O midazolam é um benzodiazepínico de curta ação que proporciona amnésia e hipnose potentes. Entretanto, pode atrasar a alta devido à sedação residual.
Os opióides de ação curta, como o fentanil e seus congêneres, são drogas seguras e eficientes para estes pacientes porque estabelecem analgesia e sedação potentes e tituláveis. Por outro lado, o uso de opióides também pode levar a efeitos indesejáveis em anestesia ambulatorial, podendo atrasar a alta do paciente em decorrência de depressão respiratória e dos reflexos de vias aéreas, náuseas, vômitos, prurido, retenção urinária, rigidez torácica e sedação residual. Associados ao propofol e/ou midazolam, os opióides apresentam uma técnica satisfatória para a anestesia ambulatorial.
A cetamina é droga de ação rápida que produz intensa analgesia e anestesia dissociativa. Quando associada ao propofol e utilizada em doses baixas (até 0,5mg/kg), apresenta índice mínimo de complicações, oferecendo vantagens em anestesia ambulatorial13. Além disso, esta associação possui efeito complementar: o propofol reduz a incidência dos efeitos alucinatórios, hemodinâmicos e de hipersialorréia induzidos pela cetamina e esta, por outro lado, determina menor depressão respiratória e melhor manutenção dos reflexos protetores de vias aéreas (muito importantes em cuidados anestésicos monitorados).
Recuperação anestésica e critérios de alta
São medidas objetivas da eficácia de uma técnica de anestesia ambulatorial a qualidade e a rapidez na recuperação pós-anestésica, e esta última é dividida em três etapas: fase I (despertar da anestesia), fase II (período intermediário) e fase III (período pós-operatório tardio).

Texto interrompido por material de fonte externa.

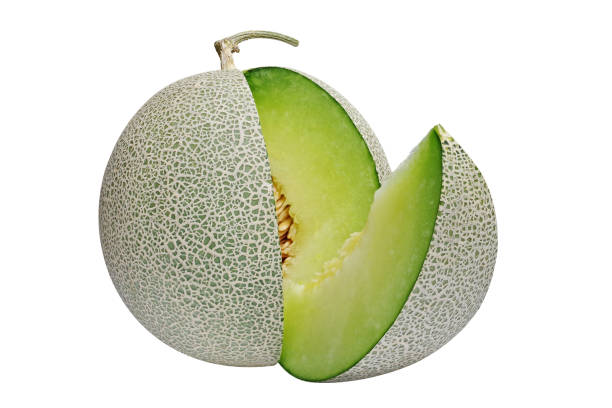 Japanese Green Melon Isolated On White Background Clipping Path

Durante a fase I o paciente acorda da anestesia e recupera a função motora. A escala de Aldrete14 é o método de escolha para transferir o paciente da fase I para a fase II de recuperação, devendo o paciente ter atingido nove ou dez pontos (Tabela 3). Esta próxima fase é conduzida em um ambiente onde o paciente pode deambular, ingerir líquidos e urinar sob a supervisão de profissionais de saúde.
A alta para casa pode ser avaliada pela escala de Chung15-17, e o paciente deve obter nove ou dez pontos para ser liberado (Tabela 3). Nesta escala pode ser eliminada a necessidade de o paciente urinar e de se alimentar no hospital, permitindo alta precoce. No caso de bloqueio espinhal, o paciente só deve ser liberado para casa após a micção, pois apenas após esse evento está demonstrado que não existe mais bloqueio motor ou simpático. Todos os pacientes devem ser liberados com acompanhante adulto responsável, que o conduza o paciente à casa e permaneça com ele durante a noite. Devem ser dadas orientações verbais e por escrito a ambos sobre o pós-anestésico, incluindo a observância de não operar máquinas, dirigir automóveis e tomar decisões importantes por 24 horas. A anestesia raramente interfere na fase III, que é efeito direto do ato cirúrgico.